Assuming that you are not the named beneficiary of the life policy, then I cannot see how you can be liable to UK tax on what would be called a "chargeable event gain" in the UK as it would not be yours for UK tax purposes. If you parents are simply making monthly withdrawals from the life policy of which they are the mutual named beneficiaries and then passing that cash to you, then you have no need to report the gifts to HMRC in the UK. However, you should keep a record of the gifts so that you can prove where the money came from if you are asked.
If you are the named beneficiary of the life policy, then you may have tax to pay in the UK on the annual gains if there are any. I would need detailed information on the life policy and the cash withdrawals to be able to have any chance of making a judgement about your UK tax position.
I hope this helps but let me know if you have any further questions.
Can you tell me which country this policy was issued in please.

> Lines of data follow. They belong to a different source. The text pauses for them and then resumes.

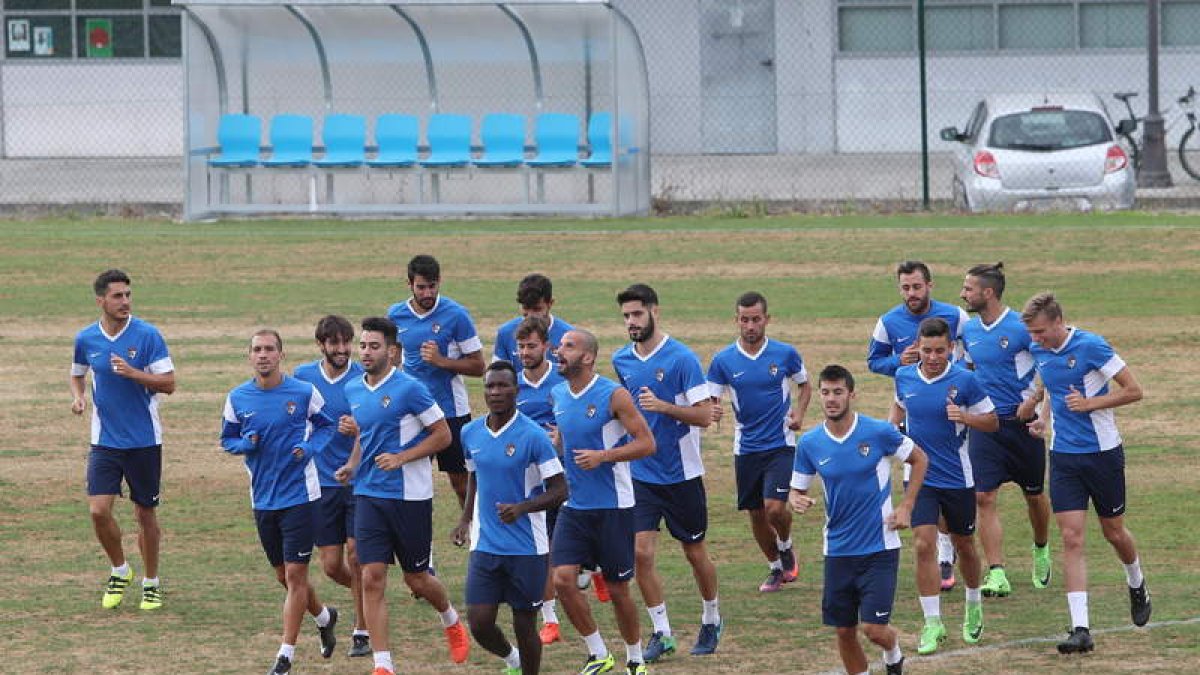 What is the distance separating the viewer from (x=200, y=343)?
23.7 m

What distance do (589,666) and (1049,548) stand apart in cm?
465

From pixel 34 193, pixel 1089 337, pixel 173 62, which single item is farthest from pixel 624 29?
pixel 1089 337

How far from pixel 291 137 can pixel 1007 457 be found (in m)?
19.3

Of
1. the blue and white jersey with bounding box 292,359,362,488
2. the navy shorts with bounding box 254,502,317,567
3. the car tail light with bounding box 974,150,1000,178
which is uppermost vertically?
the car tail light with bounding box 974,150,1000,178

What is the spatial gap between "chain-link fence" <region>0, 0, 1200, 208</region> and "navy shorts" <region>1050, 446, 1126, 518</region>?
84.0ft

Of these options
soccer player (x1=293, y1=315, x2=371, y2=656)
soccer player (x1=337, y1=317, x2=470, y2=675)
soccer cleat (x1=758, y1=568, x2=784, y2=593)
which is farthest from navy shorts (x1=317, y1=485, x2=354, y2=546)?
soccer cleat (x1=758, y1=568, x2=784, y2=593)

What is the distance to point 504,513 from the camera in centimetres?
1119

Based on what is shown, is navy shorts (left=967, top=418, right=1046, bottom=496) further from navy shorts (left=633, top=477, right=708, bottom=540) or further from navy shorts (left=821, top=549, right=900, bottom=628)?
navy shorts (left=821, top=549, right=900, bottom=628)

With a UK policy or even an offshore one issued by a UK insurance company, there is only a taxable gain if the cash withdrawals in a policy year exceed 5% of the original investment. Any part of the 5% allowance not used in one year can be used in a later year. Therefore, if 5% of the original investment was withdrawn every year for 20 years, there will have been no taxable chargeable event gains. All the original investment will have been withdrawn and any subsequent withdrawals will be pure profit and will give rise to a chargeable event gain. Take a look at HS320 and HS321.
You may need to refer back to the Netherlands advisor to find out how the type of policy you are a beneficiary of works and how any income or gain is calculated. Normally, if income or a gain is taxable on the host country it will be taxable in a other country but it won't always be calculated in the same way.
When you know the nature of the payments you have been receiving, it will be easier to decide whether there is tax to be paid in the UK.